Hume AI Release EVI 3-Understand your voice and interact with you with your favorite voice and style.

Hume AI works to create a voice with ** emotional comprehension AI, which they set as their goal: ** By the end of 2025, provide a fully personalized voice AI experience. EVI 3 is their third-generation “voice-language” model, which is not only able to hear, speak, express and understand emotions, but is an important milestone towards the future “emotional AI interaction”. EVI 3 is an AI assistant who can “understand you, talk to you with emotion” and understand your voice and interact with you in the voice and style you like. ** What are the main functions?**

  • Speak and respond to you like a human being, including more than 30 words and styles of happiness, anger, shyness, fatigue.

  • And you can hear the emotions in your voice and make a natural, consensual response.

  • You can set AI’s voice style, like, “talk like a pirate” or “talk softly.”

  • Dialogue isn’t Caden, it’s almost as natural as real people talk.

** What did it solve?**

  • Traditional voice assistants can only read the text, not understand your emotions.

  • It’s a “talking and thinking” mechanism that allows it to talk while searching and reasoning, and it’s no longer just a one-single question-and-answer robot.

  • EVI 3 transforms “sound” into a real temperature interface, closer to the human mode of communication.

EVI 3 Core Characteristics

##1. Integrated Voice-Language Structure

  • ** Uniform model for voice input and output: Unlike traditional TTS (text to voice) or ASR (voice recognition), EVI 3 uses a **self-regression model to process text (T) and voice (V)token simultaneously.

  • System Prompt contains language and voice token, defining not only interactive content, but also controlling behaviour such as tone, style, etc.

#2. Artificial expression of emotions and styles

  • EVI 3 can generate any sound by hint and give it a particular “ personality” or “emotional style”.

  • Support over 30 complex voice styles: e.g., “excuse”, “fashioned”, “Piracy”.

  • You can create AI’s “sound” and “characterism” by hints, such as softness, humor, professionality, etc.
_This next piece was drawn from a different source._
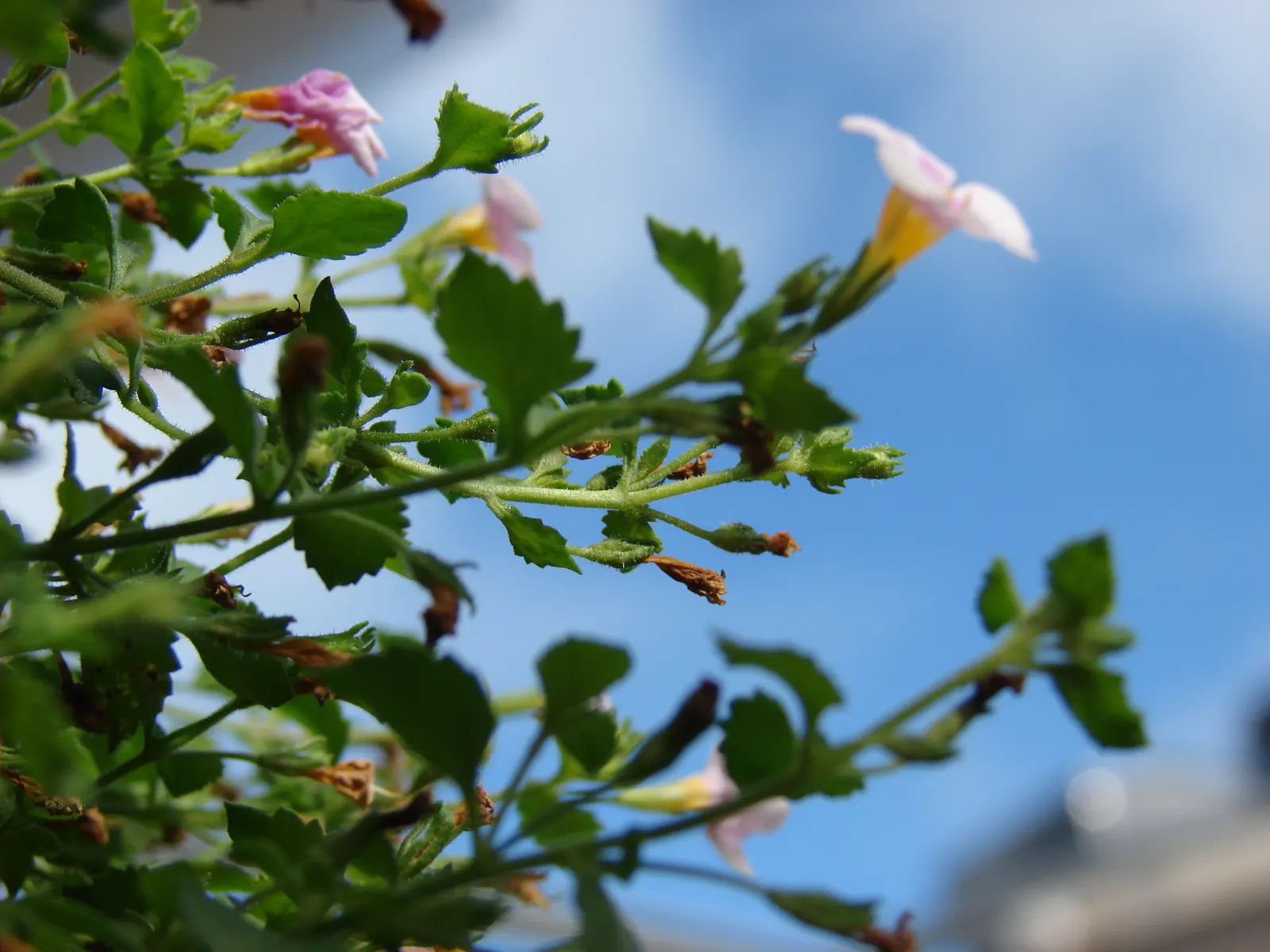 White Bacopa (Sutera Cordata) — Regularly deadheading is not necessary for this self-cleaning plant; white Bacopa provides a prolonged season of, image 79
There are now more than 100,000 self-defined voices generated on the platform, which is much more flexible than the voice helpers of the usual fixed roles.

  • Be more natural than models such as GPS-4o in ** expression of genuine feelings and tone switch**.
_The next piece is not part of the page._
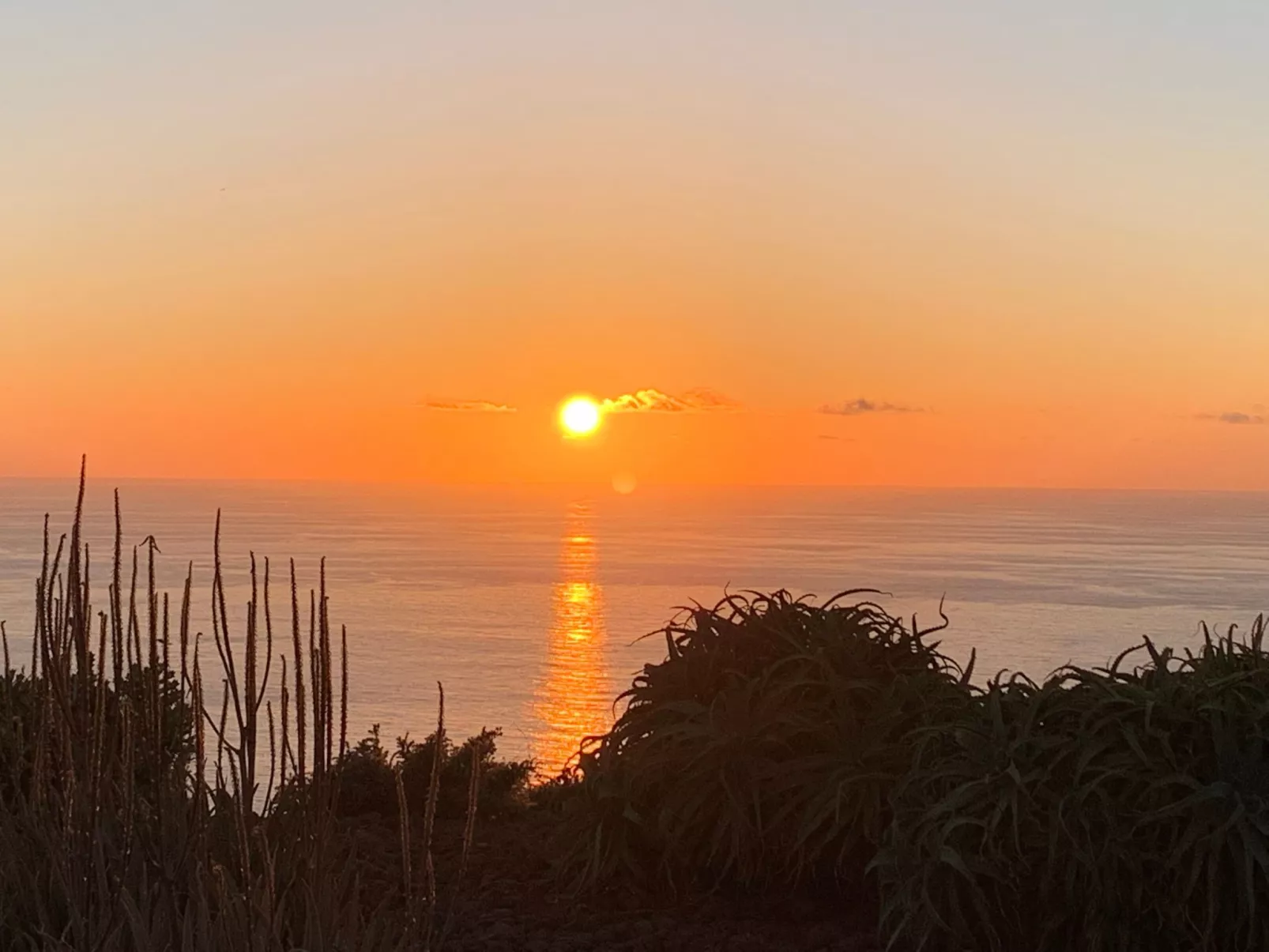 Romantische Ferienvilla mit Infinity-Pool und Panoramameerblick - Image-tags.info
##3. Efficient voice response capacity

  • Delay in model reasoning ** below 300 ms**.

  • In practical application, EVI 3 responds 0.9-1.4s, better than GPT-4o (2.6s) and Gemini (1.5s) in the deployment environment of the USS.

##4. Emotional Unioning

  • Support for the recognition of emotions from voice — without words, only by tone, rhythm and sound features.

  • In the evaluation, EVI 3 can accurately identify 9 underlying emotions, superior to GPT-4o on eight, more naturally.

5. Real-time multitask capability (“Idealing”)

  • Support the insertion of new context token in voice output,** simultaneous search, reasoning, tool use**.

  • Implement smart response mechanisms such as “systems in parallel” that allow AI to speak and “think” as human beings in conversation.

EVI 3 enables the tone to be adjusted automatically according to context** or ** clear control of styles by hint**. For example:

  • ** Stammers anxiously **

  • ** High tone during the heated debate**

  • ** whispers in private conversations**

This makes it appear ** real, natural, emotional** in communicating with users, and is no longer a single voice output. The user only needs a hint that EVI 3 can produce a new sound and personality set ** in less than a second:

  • “An Australian historical lover with a dumb voice” (Raspy Australia History buff)

  • “Sassy British prankster.”

  • An exciting Caribbean musician.

This makes AI no longer a permanent template voice assistant, but a highly customized, variable virtual role engine** that can be used in a variety of applications such as games, video, education, virtual assistants, etc.

EVI 3 Innovation and training methods

1. ** Uniform voice-language model structure (Speech-Language Token Integration)**

** Innovation point:** EVI 3 Model voice and text messages together, rather than treating speech recognition (ASR), language processing (NLP) and speech synthesis (TTS) as traditional systems. ** Technical principles:** Use one Autoregressive Model to handle two types of input: text token (T) and voice token (V). These tokens are combined into a system Prompt that provides not only language context, but also a definition of voice style, tone and rhythm. A natural flow of voice and conversation can be created by ** comprehension and ** discourse. 📈 优势: Information flows smoothly and reacts more naturally between different patterns. Models make it easier to capture elements such as emotions, style and rhythm in the way they speak.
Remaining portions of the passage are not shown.